"""
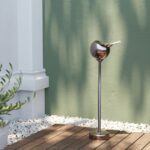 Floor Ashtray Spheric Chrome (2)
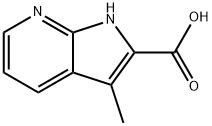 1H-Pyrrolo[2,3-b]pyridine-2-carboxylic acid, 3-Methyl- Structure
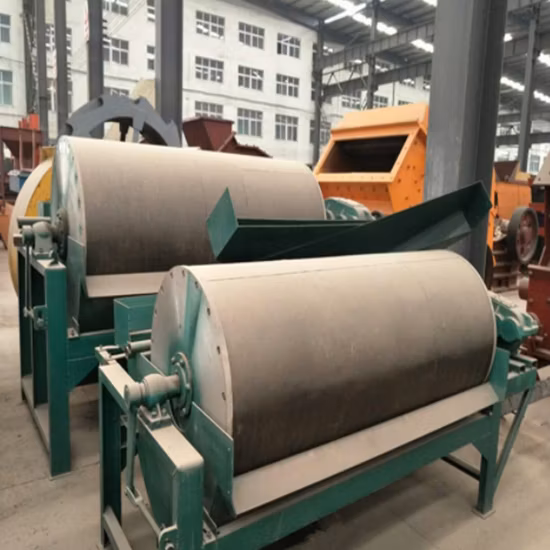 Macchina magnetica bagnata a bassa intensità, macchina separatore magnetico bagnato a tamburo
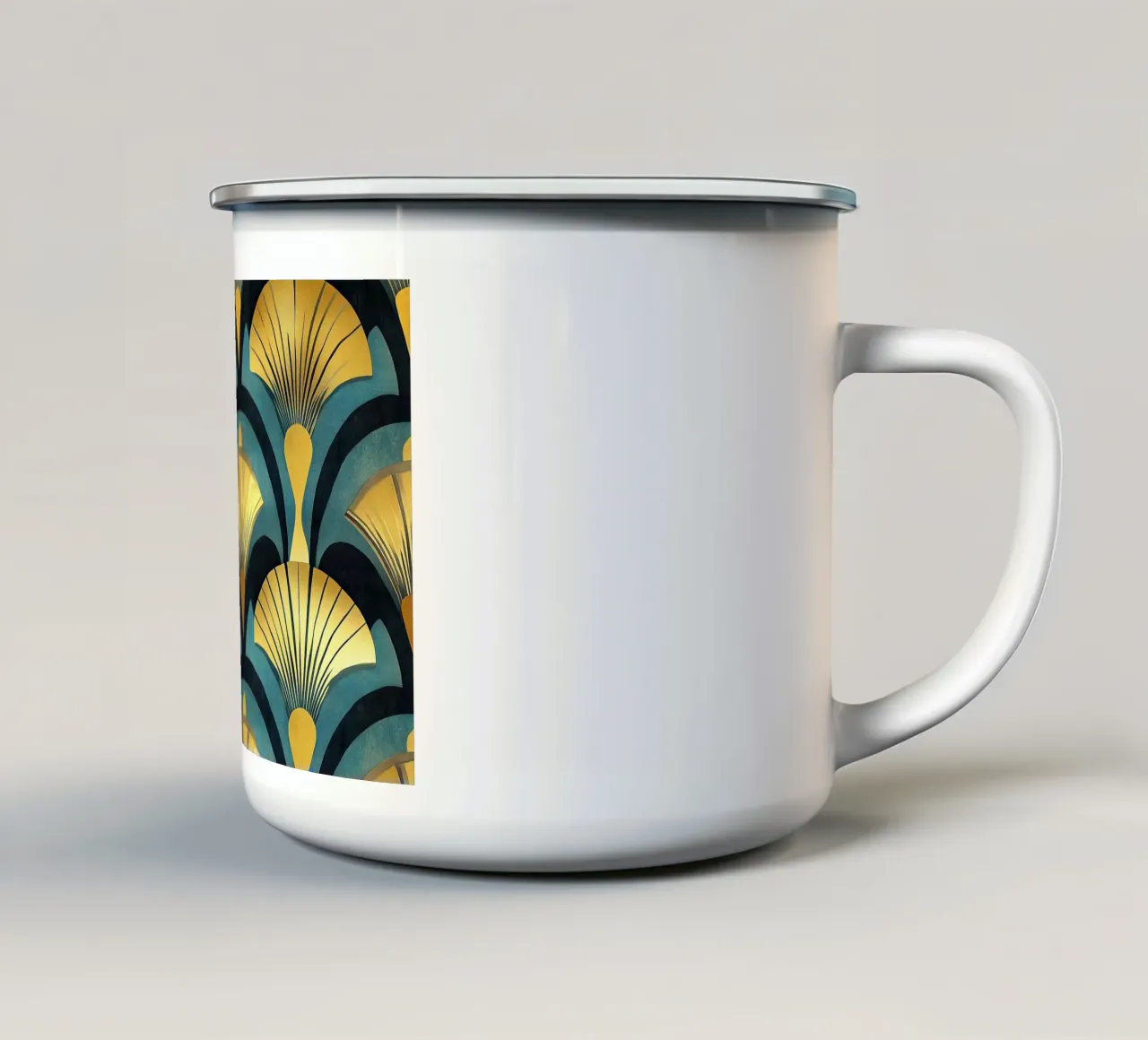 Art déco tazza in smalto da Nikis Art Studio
"""
"""
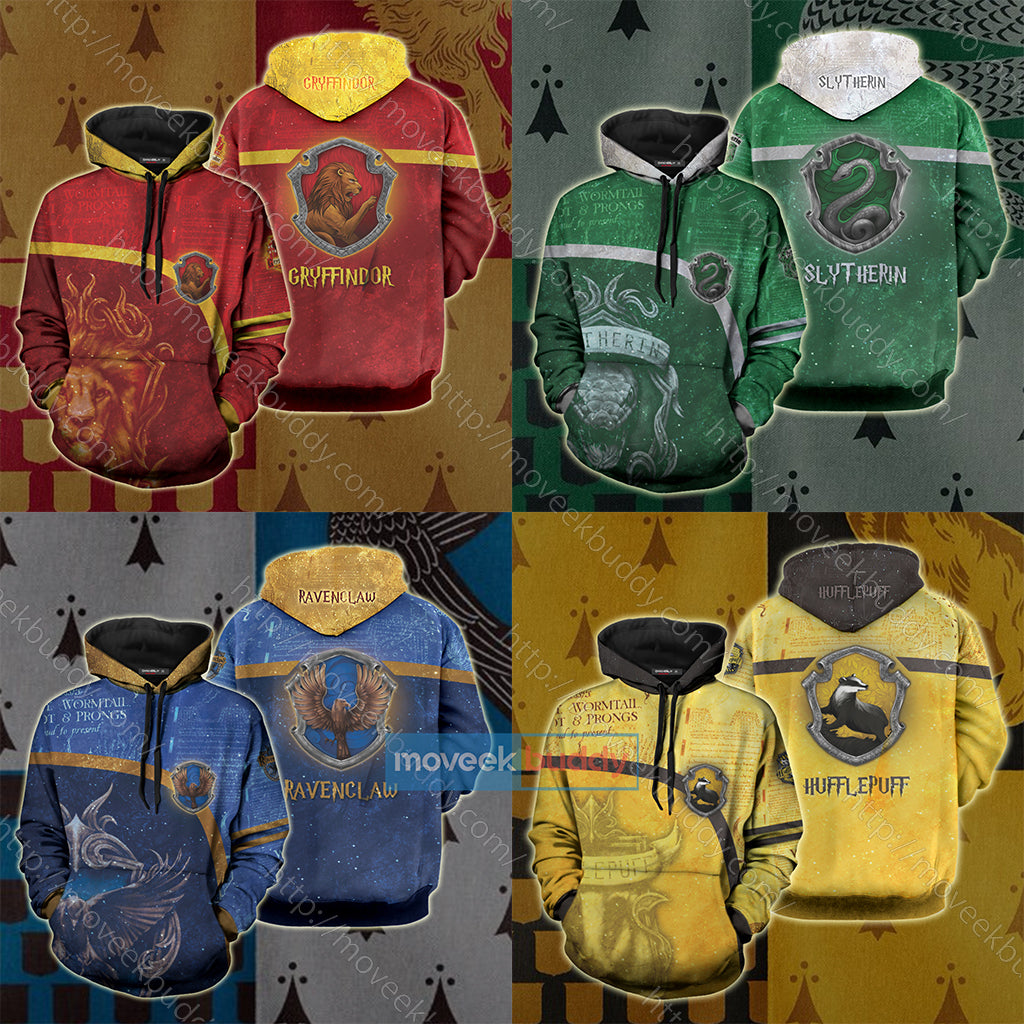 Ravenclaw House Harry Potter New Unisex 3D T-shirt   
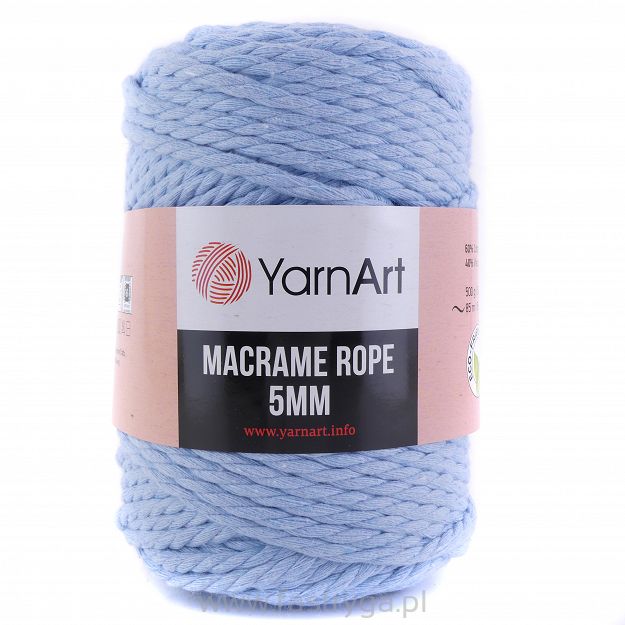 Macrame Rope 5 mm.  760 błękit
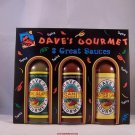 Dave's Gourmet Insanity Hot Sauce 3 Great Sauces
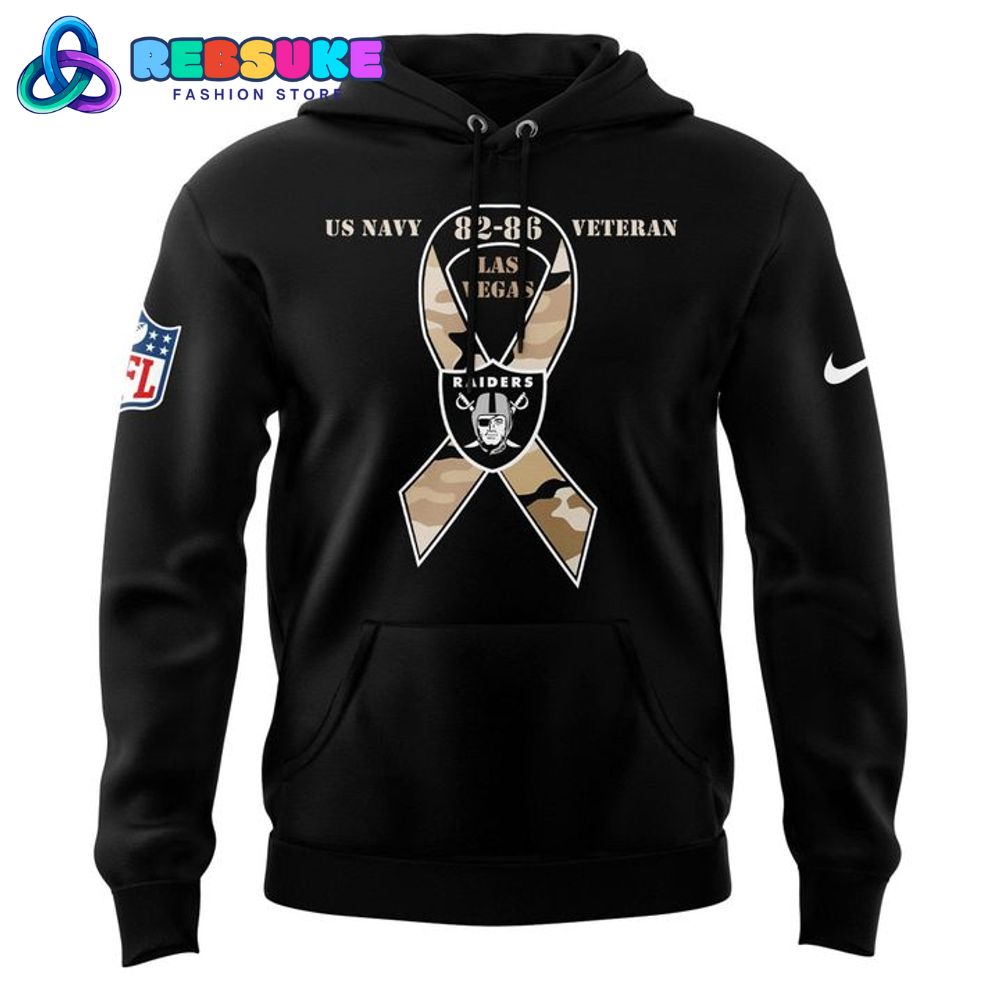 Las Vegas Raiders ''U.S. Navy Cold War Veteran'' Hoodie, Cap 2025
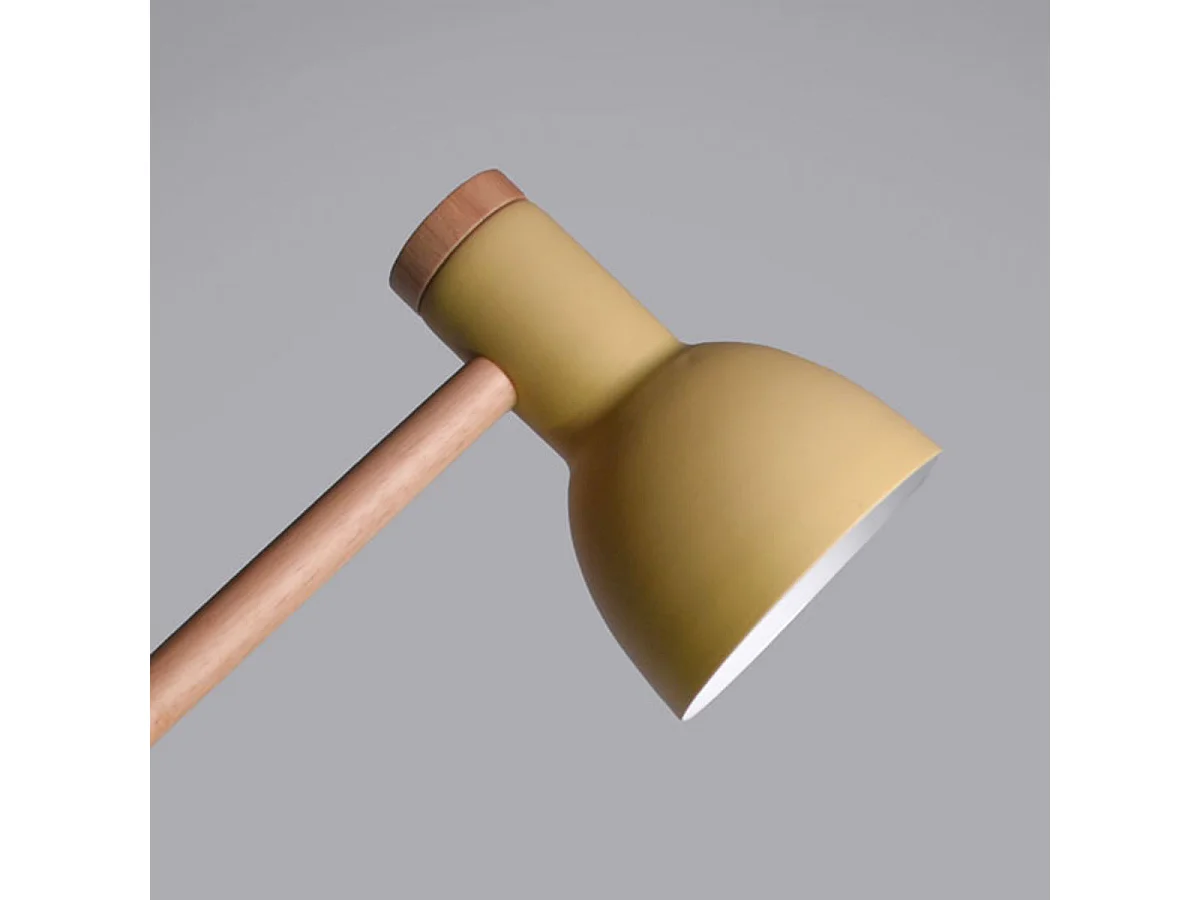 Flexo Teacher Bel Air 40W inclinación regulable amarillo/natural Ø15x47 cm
"""
Work item: Take the material above from the line bearing "Floor Ashtray Spheric Chrome (2)" through the line bearing "Art déco tazza in smalto da Nikis Art Studio" and write it out exactly, both end lines included. Pictures stay out.

Exercise response:
 Floor Ashtray Spheric Chrome (2)
 1H-Pyrrolo[2,3-b]pyridine-2-carboxylic acid, 3-Methyl- Structure
 Macchina magnetica bagnata a bassa intensità, macchina separatore magnetico bagnato a tamburo
 Art déco tazza in smalto da Nikis Art Studio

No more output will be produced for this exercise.